El ministro de Sanidad, Salvador Illa, en el Consell Nacional del PSC. / PSC / ACN

Llegaron la vacuna y el Salvador al mismo tiempo a Catalunya. A la política le gustan las coincidencias felices que permitan construir historias entendibles hasta por el último cebollino. El cuento se explica así: el hombre fajado durante la pandemia para soportar el peso de España entera en su espalda hasta que se inventara un remedio vuelve a casa para librar, convertido esta vez él mismo en vacuna, una batalla contra el separatismo irredento.

Incluso la estética le acompaña. Salvador Illa es el Superman con gafitas de las pelis cuando viste del periodista Clark Kent. El hombre tranquilo y aburrido que salva al mundo con tan solo encontrar una cabina de teléfono en la que poder enfundarse las ridículas mallas azules. Bravo por los guionistas del PSOE.

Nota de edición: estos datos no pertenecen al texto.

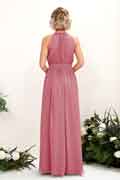 Vestido de dama de honor A‑line de gasa con tirantes halter, sin mangas y largo hasta el suelo para boda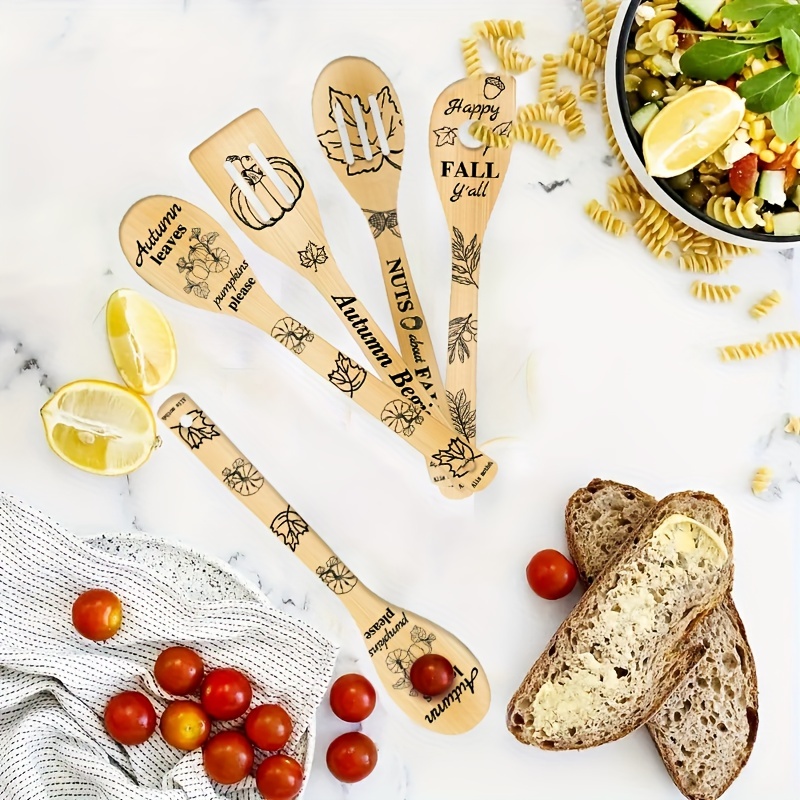 Mom Bamboo Kitchen Utensils Set, Christmas Decorative Wooden Cooking Tools  Set, For Cooking, Gifting, Decorating, Non-stick Kitchen Spoons And  Spatulas, Kitchen Supplies, Halloween Decoration, Gift For Mom, Holiday  Gift, Mother's Day Gift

La verdad es, por supuesto, menos efectista. Lo mejor de Salvador Illa es que no grita, no falta, no insulta, respeta al adversario y, sobre todo, que la sobreexposición televisiva lo ha hecho archifamoso. Estos activos --particularmente el último-- son un patrimonio nada despreciable. Lo peor, que España está en el top diez mundial de los muertos por millón de habitantes a causa de la covid-19, con lo que es una temeridad sacar pecho a cuenta de la gestión de la pandemia.

El país de los pasos al lado

Catalunya es el país de los pasos al lado. Ahora le ha tocado a Miquel Iceta, del que se echará de menos su virtuosismo dialéctico en estos tiempos de rebuznar parlamentario en el que sin embargo cualquiera se cree un Demóstenes. Formalmente, el borrarse voluntariamente de Iceta se explica porque el PSC-PSOE dice salir a ganar las elecciones y a presidir la Generalitat. Y que para conseguirlo no hay nada mejor que echar mano del Superman Illa.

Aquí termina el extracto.